[Caption-style text data]
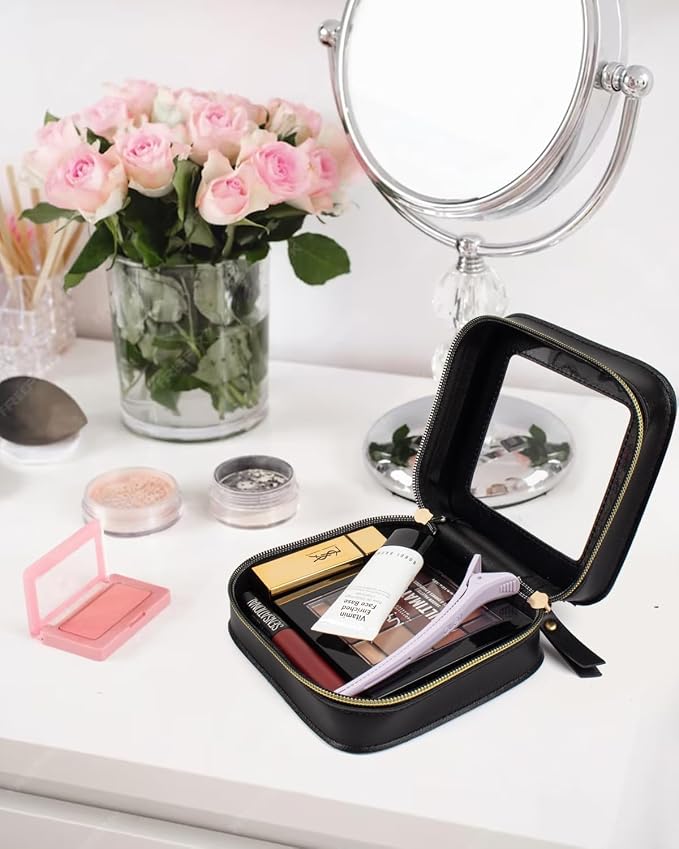 Small Clear Makup Bag, Clear Cosmetic Bags with Zipper Waterproof Small Travel Cosmetic Case Cute Make Up Pouch Mini Car Essentials for Women Travel Car Organizer - Image 6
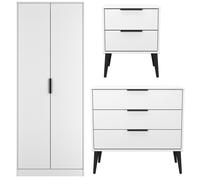 Ready Assembled 2 U Tulsa 3 Piece Bedroom Furniture pack (Ready Assembled) in White | Size: Large Ready Assembled 2 U White Large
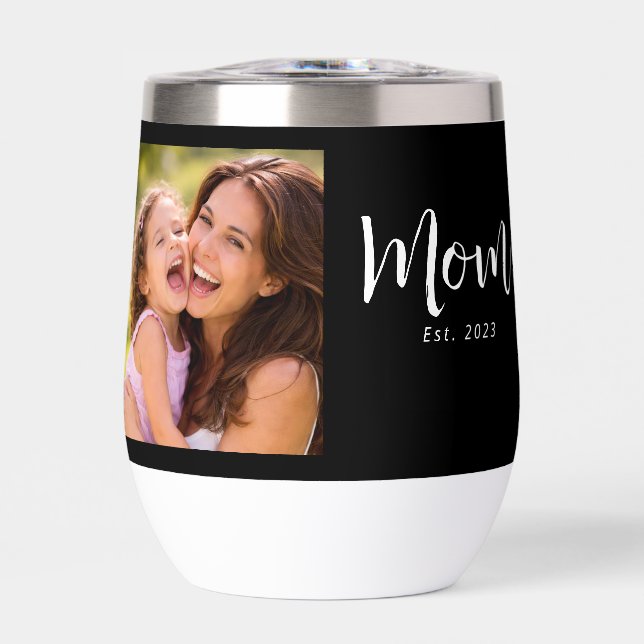 Mom Established Script Black Photo (Frente)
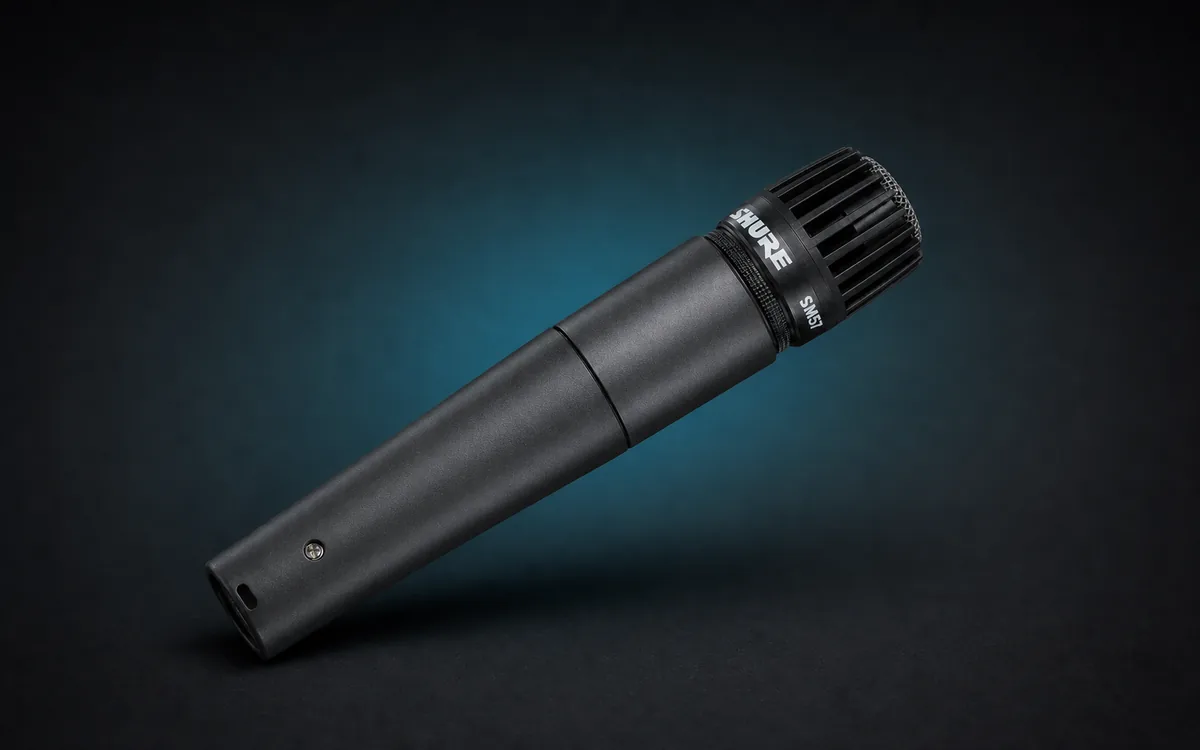Shure SM57 dynamisk instrumentmikrofon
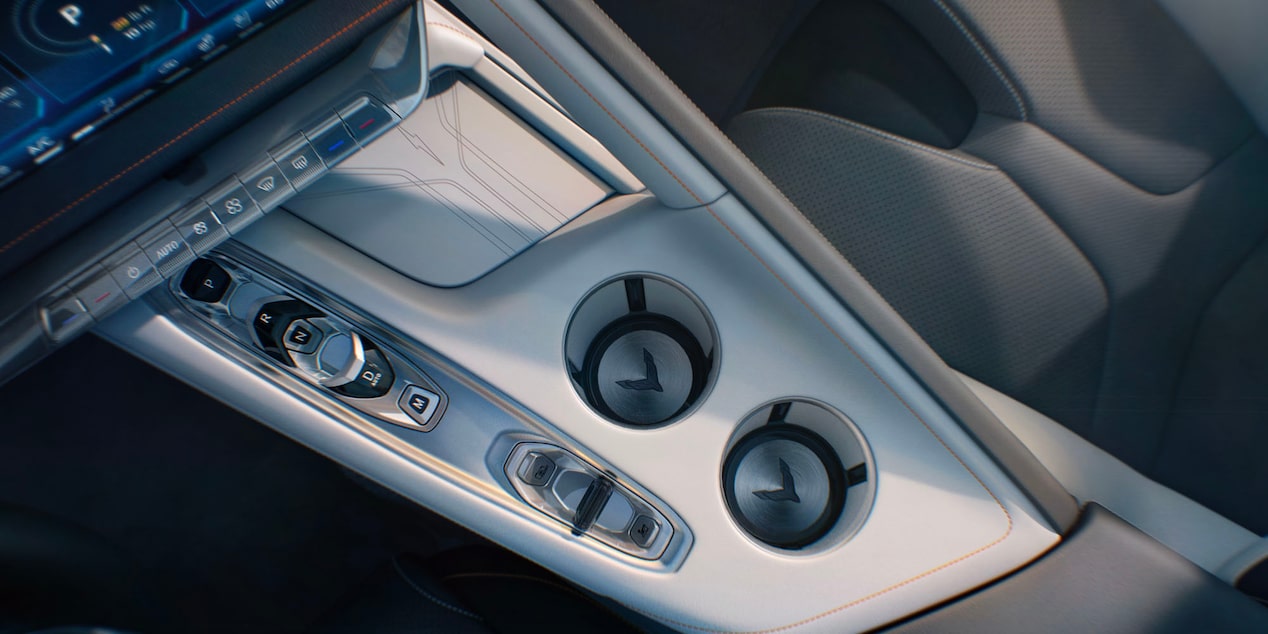 Driving Mode Buttons on Center Console Inside the 2026 Corvette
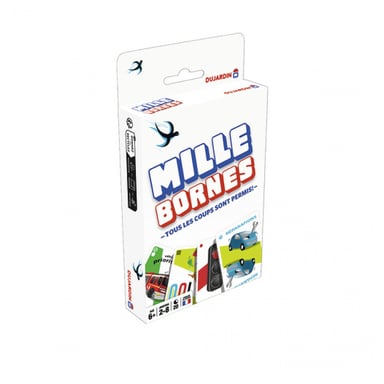Mille Bornes Pocket - Jeu de Société Compact et Stratégique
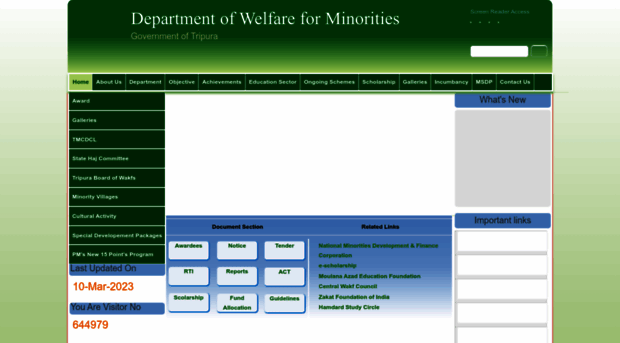 minoritieswelfare.tripura.gov.in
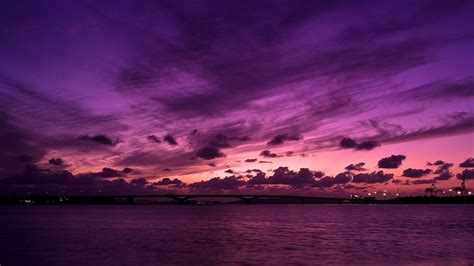 Aesthetic Purple Sky Wallpaper - Largest Wallpaper Portal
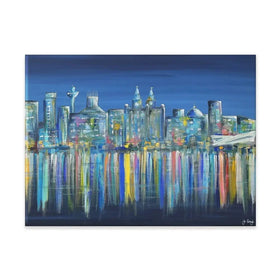 Liverpool Skyline Canvas Print Liverpool Skyline Canvas Print wall art product Jo Gough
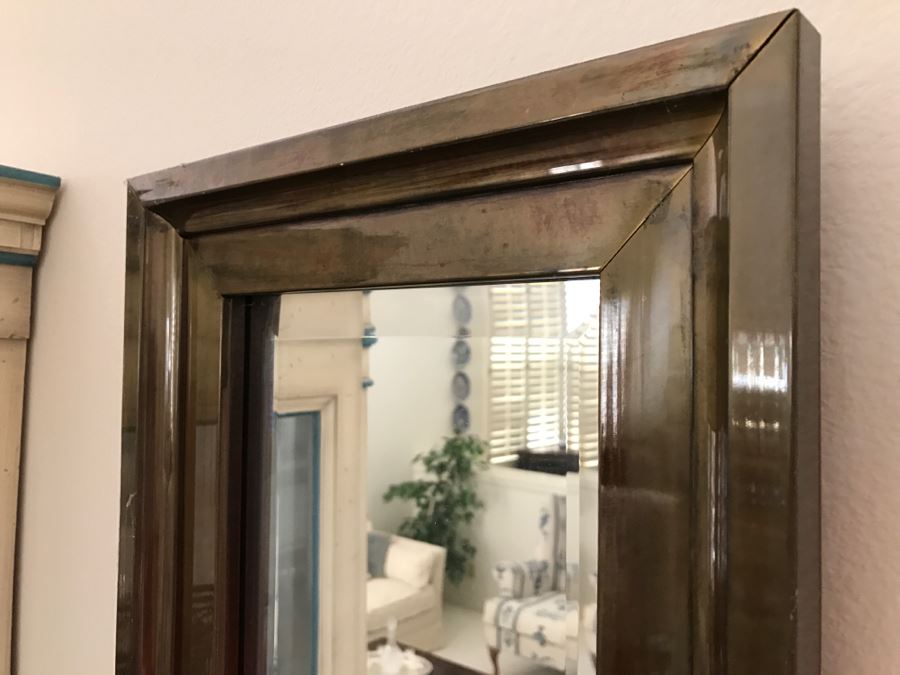Vertical Metal Beveled Glass Mirror [Photo 2]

* WHAT NEEDS TO BE DONE *
The lines to copy begin at the one containing "Mille Bornes Pocket" and end at the last line of the records. Set down exactly those lines and no others, both ends included, and omit all pictures.

* ANSWER SPACE *
Mille Bornes Pocket - Jeu de Société Compact et Stratégique
 minoritieswelfare.tripura.gov.in
 Aesthetic Purple Sky Wallpaper - Largest Wallpaper Portal
 Liverpool Skyline Canvas Print Liverpool Skyline Canvas Print wall art product Jo Gough
Vertical Metal Beveled Glass Mirror [Photo 2]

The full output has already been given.